The IVS vendor receives Miami County’s requests for absentee voting. The quote included database and election setup, packet assembly, and mailing, which includes ballot, return envelope security sleeve and voter instructions; ballot printing, USPS mail tracking, and postage.
Bruns said those ballots can be tracked online by voters with the post office. Bruns said Butler County officials have reported once the ballots were out, it took two days to be delivered to residents. Monday was a federal holiday and the post office was closed.
“We are anticipating those ballots will be reaching people by the end of this week, which is still plenty of time to get them back to us,” she said. “Not exactly the start we’d like to have had with our mail, but it’s going and the number of applications we have been receiving has increased — it’s just so different from a typical presidential election year.”
Bruns said the office has been fielding phone calls from concerned voters.
“We are getting that word out to the voters that we are working on getting those ballots out as quickly as possible,” Bruns said.
Chairman David Fisher said he got online to track his ballot request on Tuesday. Fisher said he read it was “in the mail” on Oct. 6 to which Bruns explained that was the day the Miami County Board of Elections sent their absentee application request files to the IBS vendors.
Bruns said she doesn’t know if there’s a way to change the wording on the tracking system to clarify the process, but Deputy Director Ian Ridgeway said the only way he’d know how to do it is one-by-one.

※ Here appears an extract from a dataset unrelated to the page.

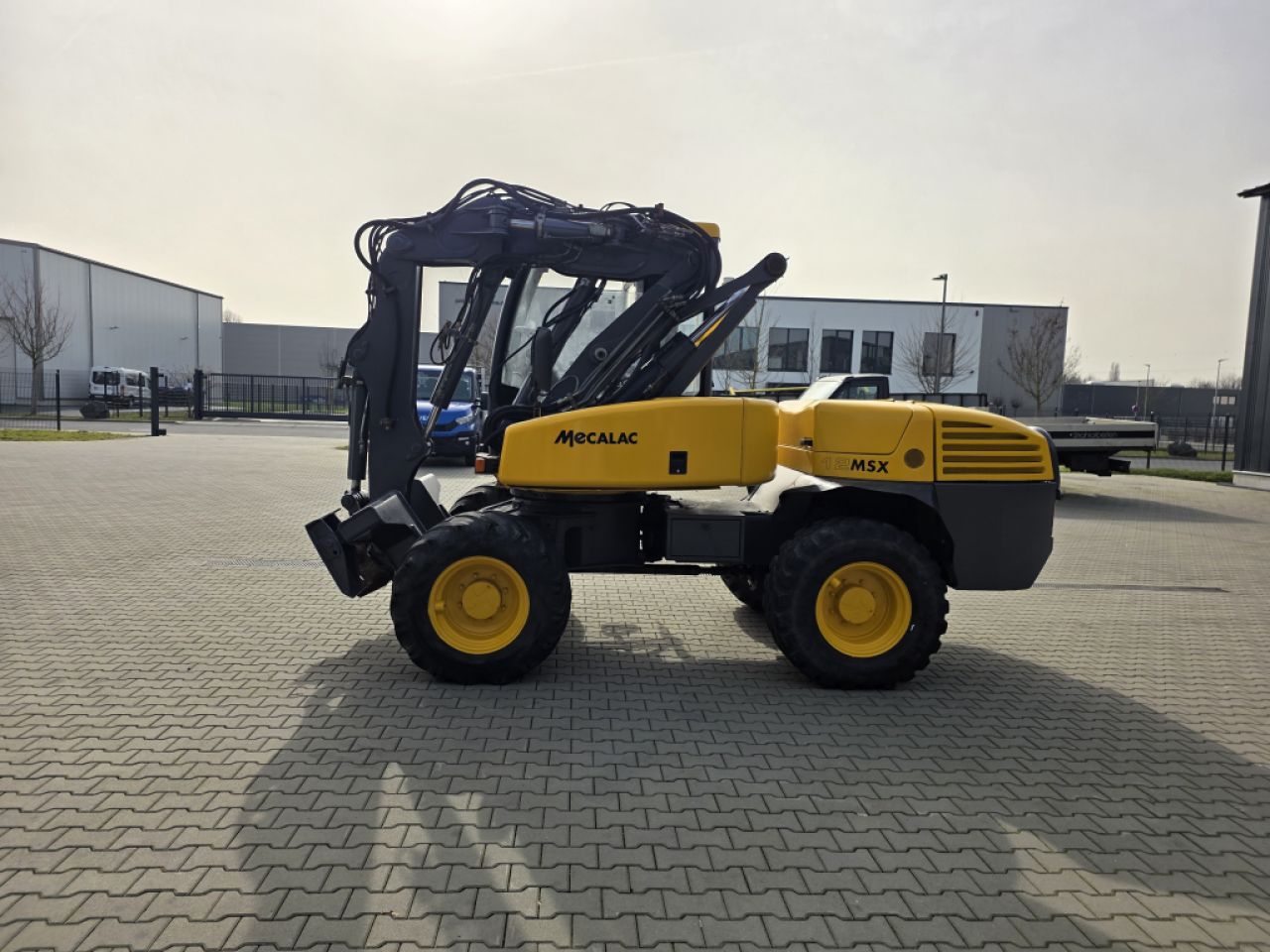 10 t excavator for rent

Bruns and Ridgeway both said it’s positive that voters are looking at the tracking system for their ballots for the application to when their ballot is received by the office.
• New directive for absentee voters who want to vote early instead
If a voter has decided to vote in person rather than by mail, but they’ve already requested an absentee ballot, a new change in the rules from the Secretary of State’s Office states you can vote early in person.
If a voter has already received an absentee ballot in the mail, the board of elections will ask for it back and give you a new, regular ballot at the early in-person voting site. You’re not required to return the other ballot as a condition for getting a new one, however. Ohio counts early ballots as they come in, so your vote will be processed ahead of Election Day.
If you’ve requested an absentee but show up to vote on Election Day, you will have to vote provisionally, meaning the ballot won’t be added to the count until after Nov. 3.
“The board of elections may count only one ballot per voter,” the directive says. “If the voter marks and returns more than one ballot, the board must count only the first ballot received. It is a felony to vote more than once in the same election.”
The deadline to request an absentee ballot is three days before the election, but voters can submit their application at any time. If mailed, absentee ballots must be postmarked by the day before the election in order to be counted. You can also return your absentee ballot in-person to the county board of elections before the close of the polls at 7:30 p.m. on Election Day, Nov. 3.
In Ohio, absentee ballot requests increased by 316,033 to a total of 2,470,268 absentee ballot applications received by county boards of elections statewide. This includes 23,853 requests from military and overseas voters. At the same time during the 2016 election, 1,245,670 absentee ballots had been requested.